A router with a table, which can also be found at garage sales, or a dado blade for your table saw, and you're in business making your own custom frames from recycled wood.

Some are oak, some are totally useless junk wood. You can find a good supply of the better wood, if you search. Then you have to cut down the pieces to remove the splits and cracks.

Did I mention, FREE?


----------



## SYKES3 (Sep 21, 2007)

I have everything except the plainer.  I've got my eye on one though.  Thanks for the tip about the palettes.  I didn't know some were made out of oak.

Free is good!  SYKES3


----------



## kundalini (Sep 21, 2007)

I have a good friend that is a framer. Can't speak for her, but if you contact me, I will put you in touch with her.  Perhaps she can give you some advice.


----------



## doenoe (Sep 22, 2007)

this is a very good thread. I was thinking about making my own frames and matte and this is all very helpfull.

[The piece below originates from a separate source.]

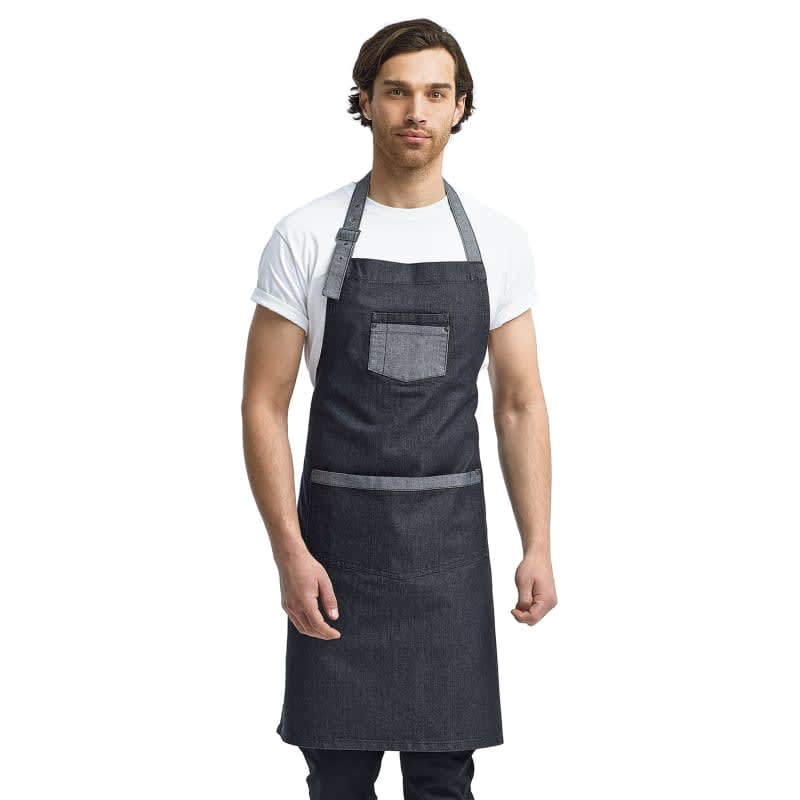 Artisan Collection By Reprime Unisex Domain Contrast Denim Bib Apron 8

Will keep an eye on this thread


----------



## SYKES3 (Sep 22, 2007)

Doesn't anyone else mat and frame their own photos?  I guess since most prints are fairly small, say 8 X 10, it is fairly cheap to buy them.  My frames are all rather large and can cost about 300. to have a framer do....soooo I have to do it myself.  

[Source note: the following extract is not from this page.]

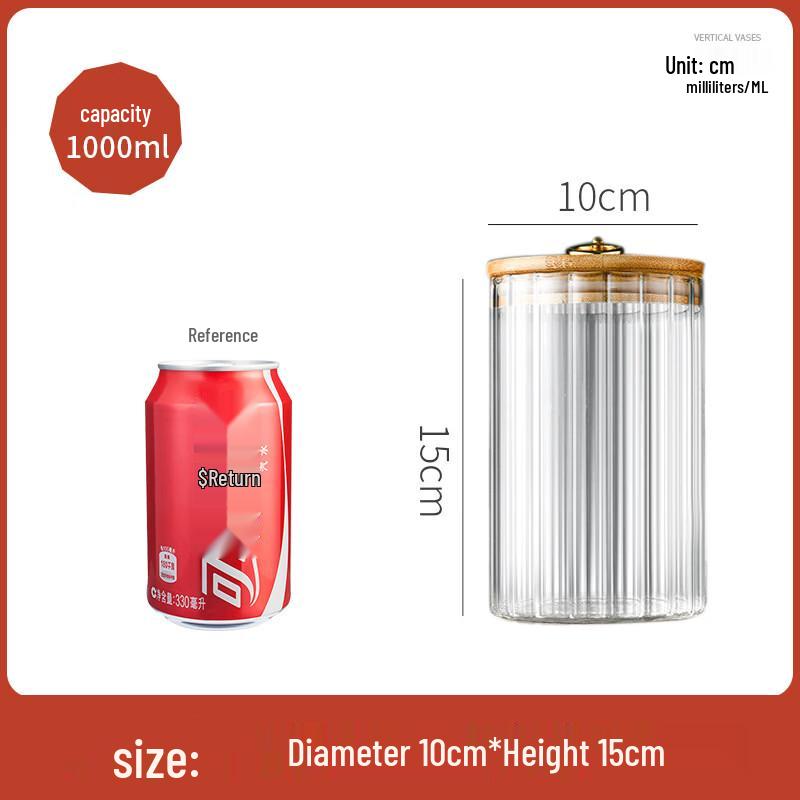 Striped Glass Food Storage Jar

What size frames do you use?

Johnboy, it only took me one trip to the framers.  SYKES3


----------



## nealjpage (Sep 22, 2007)

I've been framing my stuff for a while and was buying pre-made 11 x 14 frames from Michaels any time they had a sale.  It came with a matte that reduced it down to 8 x10, too.  Usually about $10 on sale.  Now I've gotten posters and such that are larger sized, and have started printing square enlargements from my Rollei, so those are harder to find pre-made frames.  I buy matte board and frame kits, mount the picture on the front of the matte board, and frame it that way.  It doesn't look as good as a cut matte, but it's close enough for me.  I am looking for a matte cutter on ePay, though, so we'll see what happens..


----------